Hanna Winter hat sich darum redlich bemüht. Sie führt den Leser direkt an einen grausigen Ort. Nach einem Streit mit ihrem Freund Lars springt Anne aus dem Auto und läuft kopflos in den düsteren Wald. An einem einsamen Bungalow bittet sie um Hilfe. Sie hätte besser nicht an der Tür geklopft, denn ein harter Schlag lässt sie niedersinken. In einem dunklen Verlies kommt sie wieder zu sich. Neben ihr liegt ein kleiner Junge, vier Jahre alt, übersät mit zahlreichen Schnittwunden. Als er am nächsten Tag verschwunden ist, hat sie kaum Hoffnung, hier je wieder lebend herauszukommen.
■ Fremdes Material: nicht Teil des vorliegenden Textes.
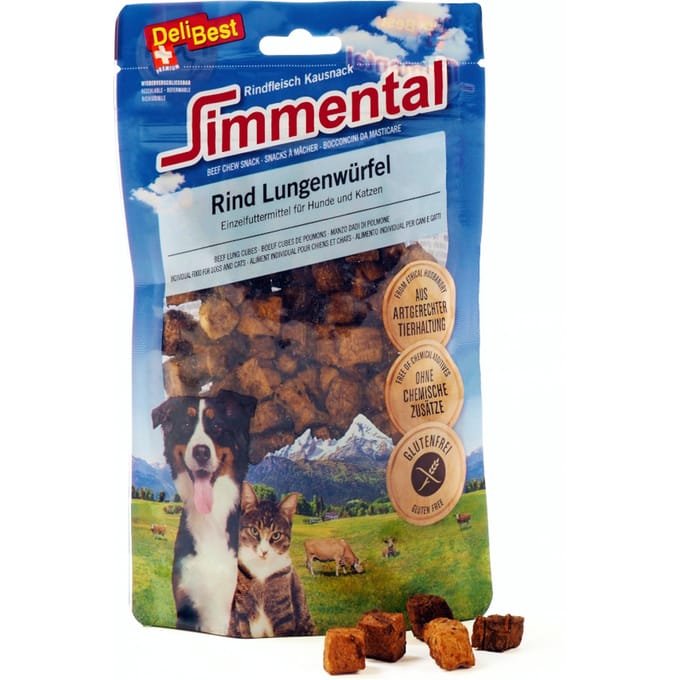 Voordeelverpakking: 8x60g DeliBest Simmental rundvlees longblokjes hondensnacks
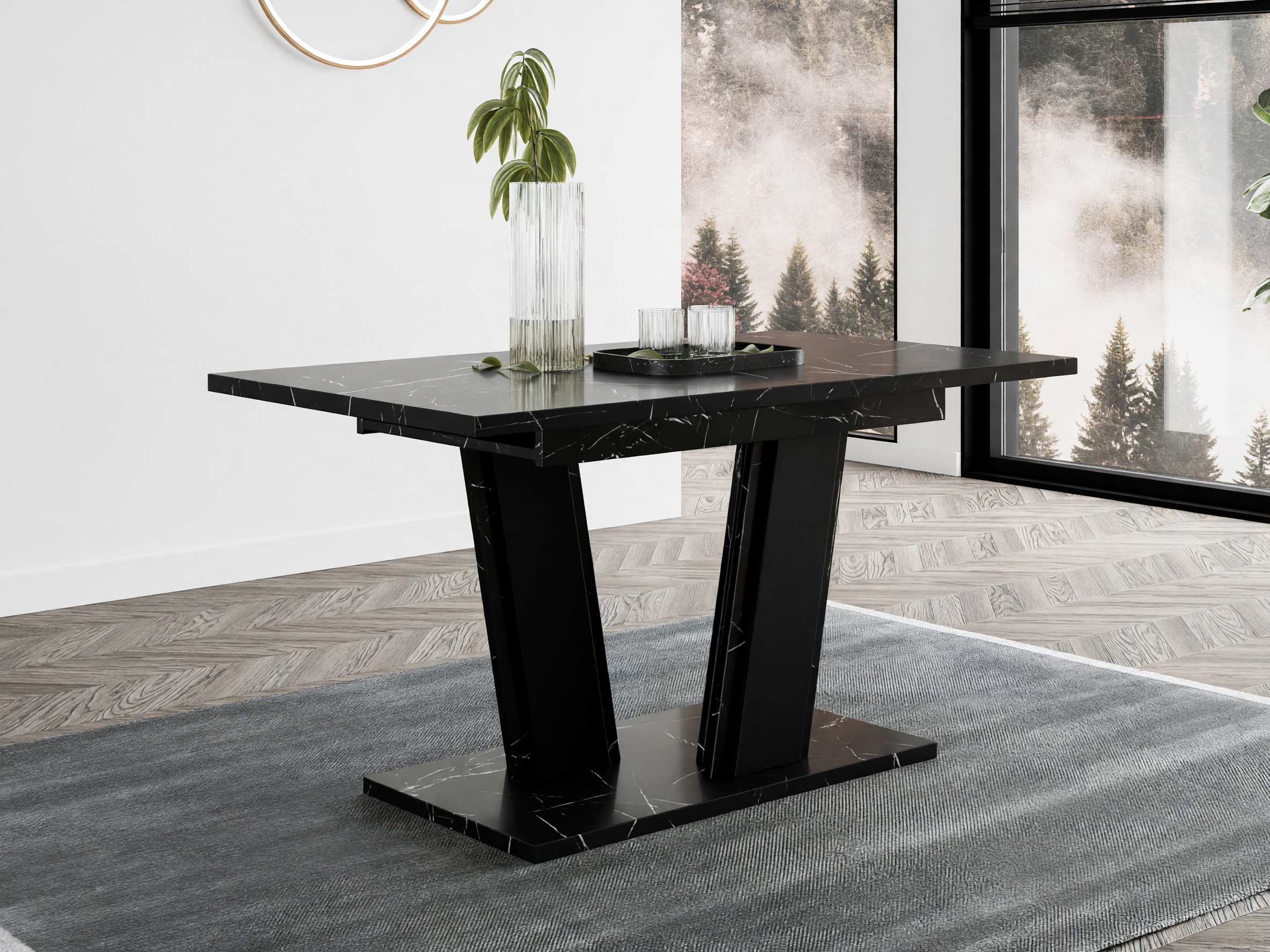 Bord Goodyear 139 (Sort marmor + Sort)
Welches Motiv treibt den Mann, dass er Anne und weitere Erwachsene gefangen hält, um sie auf bestialische Weise zu töten? Welches Leid, welch traumatischer Schmerz wird den hilflosen kleinen Würmchen zugefügt?
Kommissar Piet Karstens und seine Kollegin Frauke Behrendt besuchen Fiona Seeberg und ihren Verlobten, Adrian Riedel. Vor zwei Jahren hatten sie im Fall ihrer zweijährigen Tochter Sophie ermittelt, die spurlos von einem Spielplatz verschwunden war. Und nun hat der Serientäter den vierjährigen David aus einem Schwimmbad entführt, und noch weitere Kinder werden sein Opfer. Eine weiße Lilie wird den betroffenen Eltern zugestellt. Der Leser ahnt, dass die zwei begonnenen Handlungsstränge zusammenhängen.
Fiona, ehemals Dozentin, glaubt immer noch, dass ihre Tochter lebt. Doch der Verlust zerfrisst sie psychisch. Mittlerweile ist sie erwerbsunfähig, und der Alkohol ist zu ihrem Tröster geworden. In einer Selbsthilfegruppe lernt sie Theresa kennen. Der gegenüber hat sie ein ungutes Gefühl, traut ihr nicht und wird mit einer Situation konfrontiert, die auch der Leser kaum für möglich gehalten hätte.
Beiläufig erscheinende Texteinschübe schaffen neue Spannungselemente. Der Leser mutmaßt, er sei dem Täter auf der Spur. An den Tatorten wurde ein Lieferwagen beobachtet (Gehört er dem Entführer?). Seit Wochen sitzt ein alter Mann auf der Parkbank und schenkt den Kindern Bonbons (Ist er irgendwie beteiligt?). Adrian verhält sich neuerdings so seltsam. Jens Zach – eine unangenehme Erinnerung, die Fiona schon verdrängt hatte – will sie unbedingt sprechen (Was weiß er denn schon?).
Obwohl alles reichlich komplex scheint, liest sich der Roman sehr leicht und flüssig. Der Sprachstil ist schlicht und immer handlungsorientiert.
Das Motiv der Täter hätte nach meinem Gusto noch besser herausgearbeitet werden können. Die Auflösung des Falls "Sophie" ist zwar unerwartet, aber irgendwie an den Haaren herbeigezogen.
Hanna Winter, ein Neuling unter den deutschen Krimiautoren, hat mit ihrem Debütroman einen guten Start hingelegt. Bis zum Ziel muss sie noch manche Kurve flüssiger nehmen.